Sure you could -- if there's a zero in them, then most C functions
would not use the whole string, but the main danger that the
terminating nul protects agains is referencing memory you should not
reference.
> > You're putting things upside down -- IIUC, you're saying that
> > mzscheme byte-strings should not be nul-terminated, and the
> > foreign interface should provide such a type in addition.
>
> Not exactly. I don't really care about the internal implementation
> of byte strings as such. But I want them to be identified with
> u8vectors, so if the FFI says that u8vectors don't need to be
> null-terminated, then byte strings shouldn't need to be, either.

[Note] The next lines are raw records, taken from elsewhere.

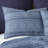 Tolteca Indigo King Quilt Set
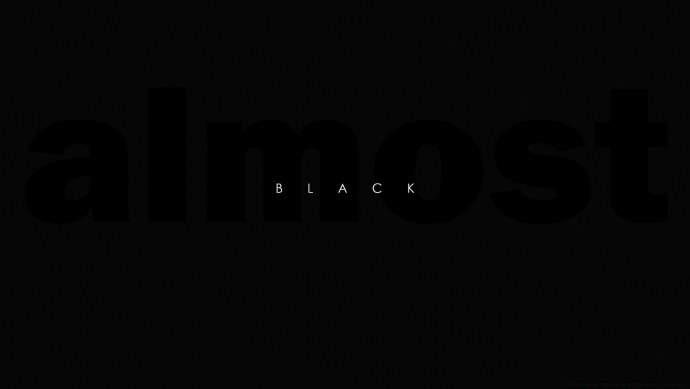 Надпими на верном фоне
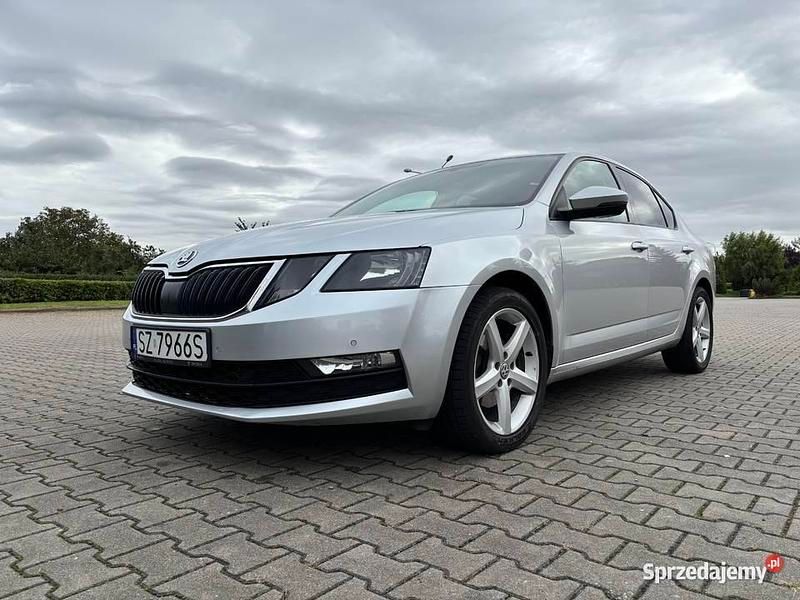 Używany 2018 Skoda Octavia | 39 900 zł (Uczciwa cena) - Obraz 1/4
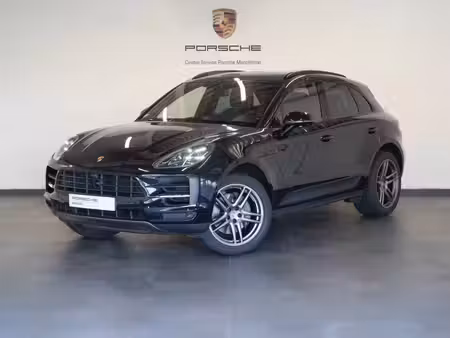 Porsche Macan S V6 3.0 354 4x4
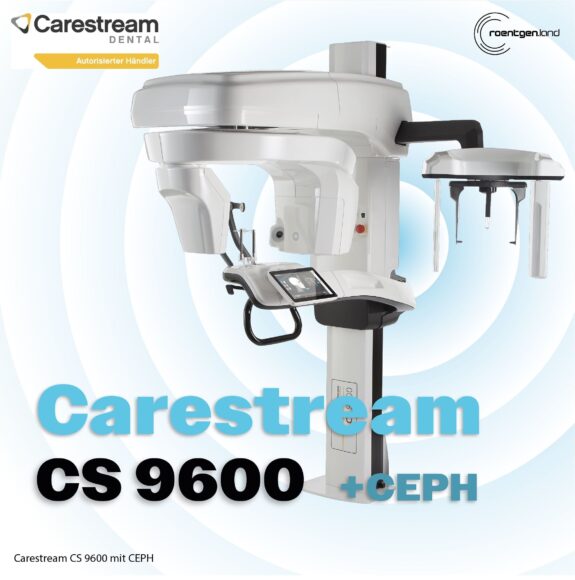 Carestream CS 8200 NEO 3D FOV 8×9 + Scan Ceph | 317560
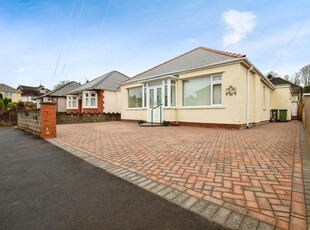 3 bedroom detached bungalow for sale in Heol Pant Y Rhyn, Whitchurch, Cardiff, CF14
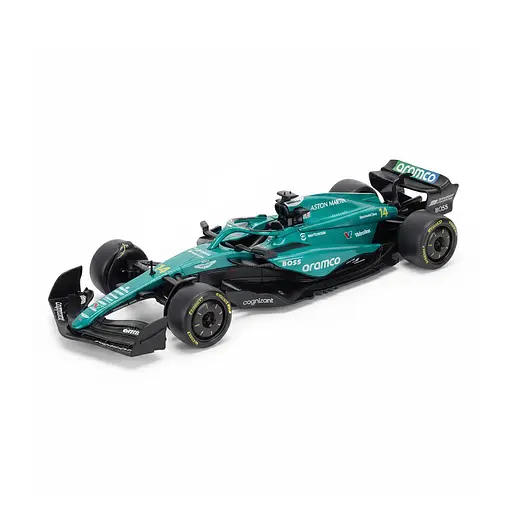 Автомодель - Aston Martin F1 2024 1:43 (250944AMF1)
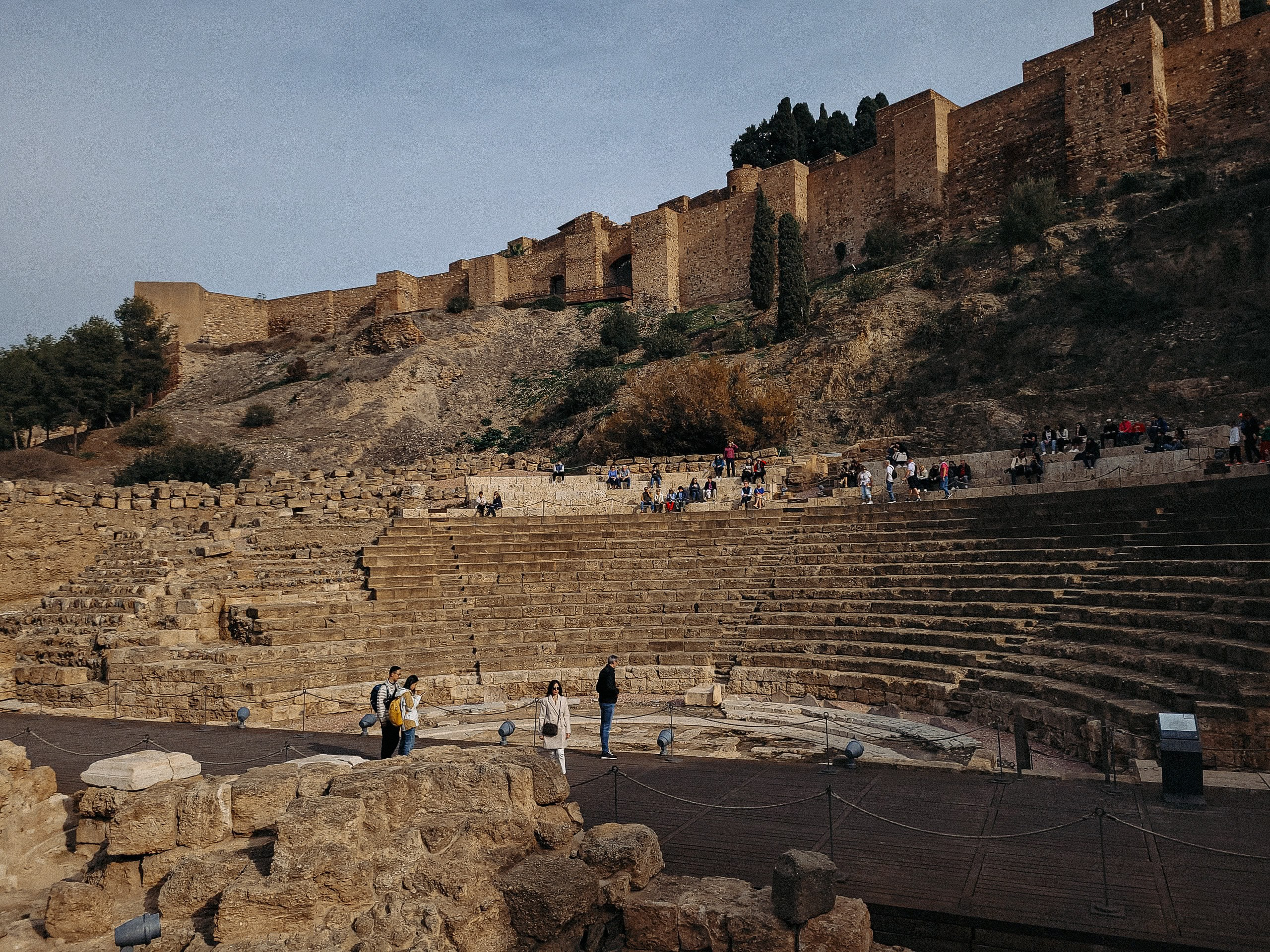 CEĻOJUMS SPĀNIJA, MALAGA AR BĒRNIEM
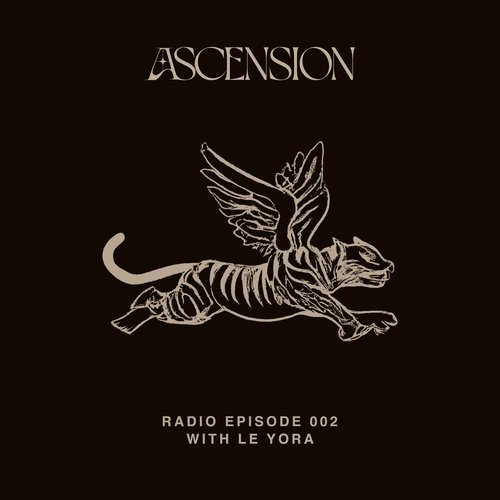 Ascension Radio, Episode 002 (DJ Mix)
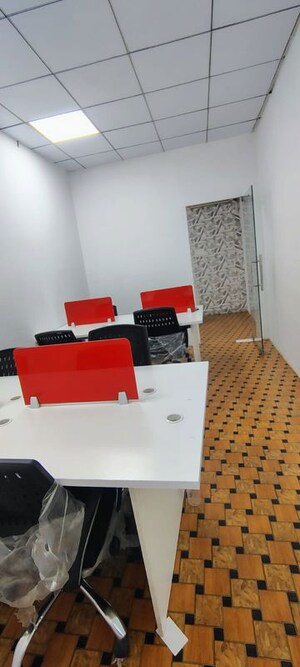 Team Area in  Office Space at Sector 63 – for Rent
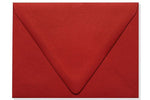 LUX 70lbs. 4 1/8" x 9 1/2" #10 Square Flap Envelopes, Teal Blue, 250/BX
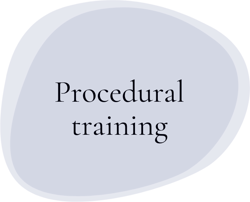 4_Procedural_training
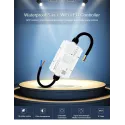 Contrôleur LED Wifi CCT RGB RGBW RGBCCT étanche IP67 5 en 1 DC12-36V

Sure you care about them -- you care about not being able to use byte
strings as u8vectors.
> > Currently, byte-strings are nul-terminated and the foreign
> > interface adds a type for generic byte vectors.
>
> And _that_ is upside-down. Generic byte vectors are useful to the
> casual scheme programmer. NUL-terminated char arrays are relevant
> only when interfacing with C.
I don't think that there is anything I can add to this discussion. I
will shut up about this issue now.
> > See the paper that describes the foreign system -- when you write
> > code that uses this library, you must write `(unsafe!)' to get the
> > full power of the library. This is equivalent to a statement that
> > you know that the Scheme code you're writing is equivalent to C
> > code, and as such it is exposed to the usual low-level/C dangers.
>
> There are many kinds of "usual low-level dangers". Of course unsafe
> code can in principle break anything at all.

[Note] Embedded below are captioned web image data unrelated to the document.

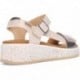 Sandalias PIKOLINOS Alzira W9D-1527C1 MARFIL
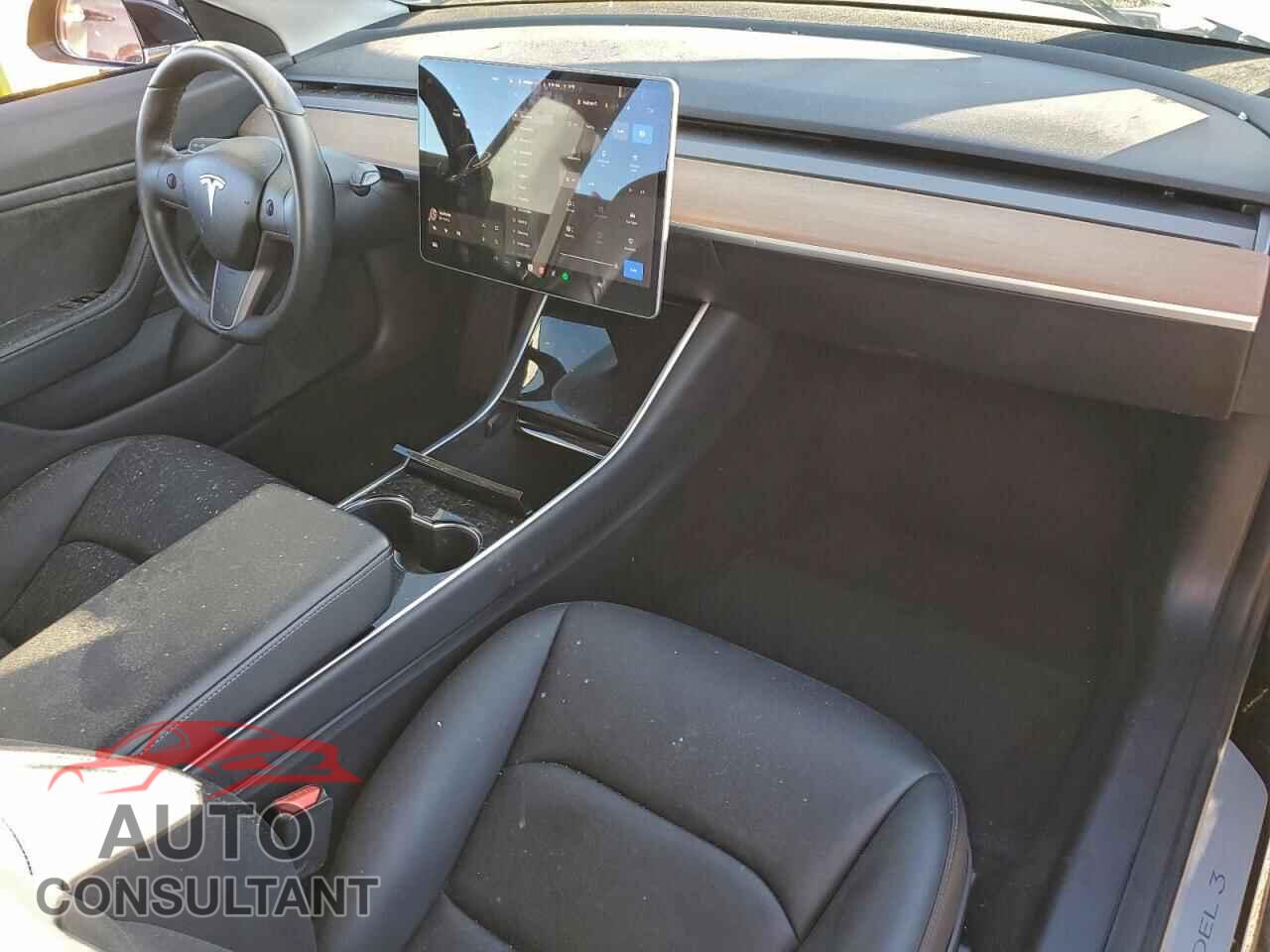 TESLA MODEL 3 2018 - 5YJ3E1EB3JF183668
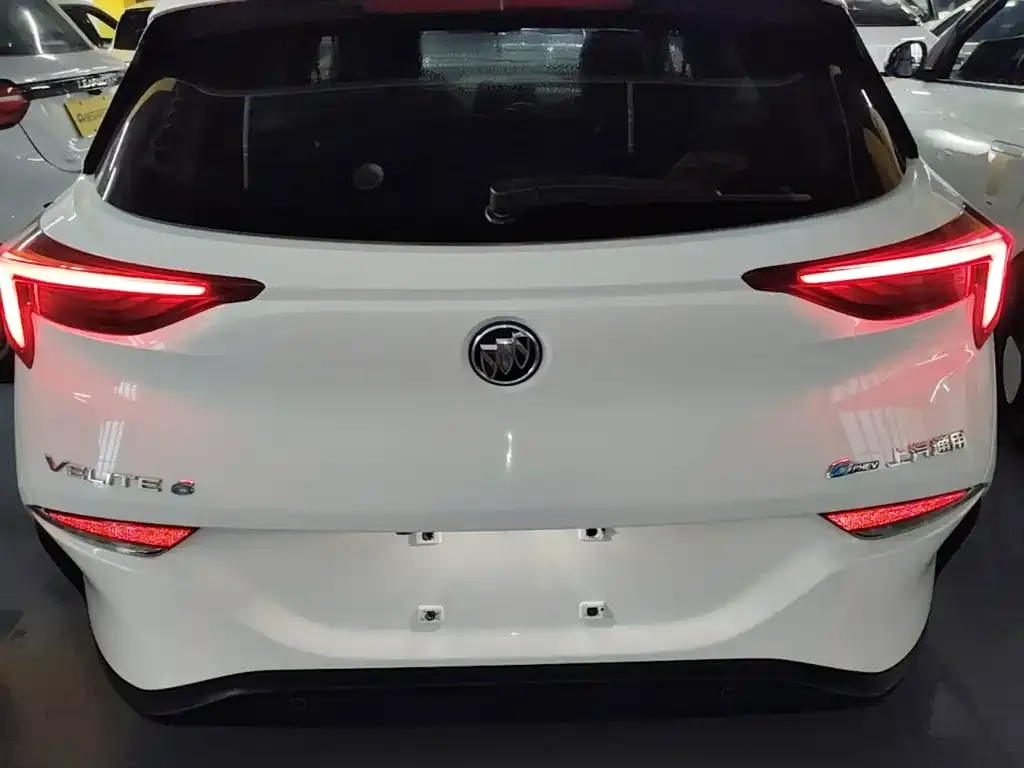 Buick Velite 6 Plug-in Hybrid Connected Fashion Edition 2022 — фото 6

And Scheme code is safe from certain things like segfaults, unless it
uses foreign.
> But with the current foreign byte strings,
The term "byte strings" describes a data type that is part of
mzscheme, not the foreign interface. "Foreign byte strings" is
therefore bogus in nature.
> it is possible that a completely ordinary module that uses no unsafe
> features whatsoever operates on an ordinary-looking byte string and
> this will wreak havoc since the buffer had been freed and
> reallocated in the meanwhile. Tracking this kind of a problem
> becomes just as hard as it is in C.
It is not. When you write an interface to a foreign library, you
should protect your users against such problems -- if they get
writeable strings that can be freed, or any other kind of pointers
that can be invalidated, then it's your bug -- you should copy such
objects, or wrap them in new types with operations that are safe.
The only exception is if you write a library for glue code libraries,
and in that case you should define your own `unsafe!'-like form.
--
((lambda (x) (x x)) (lambda (x) (x x))) Eli Barzilay:
http://www.barzilay.org/ Maze is Life!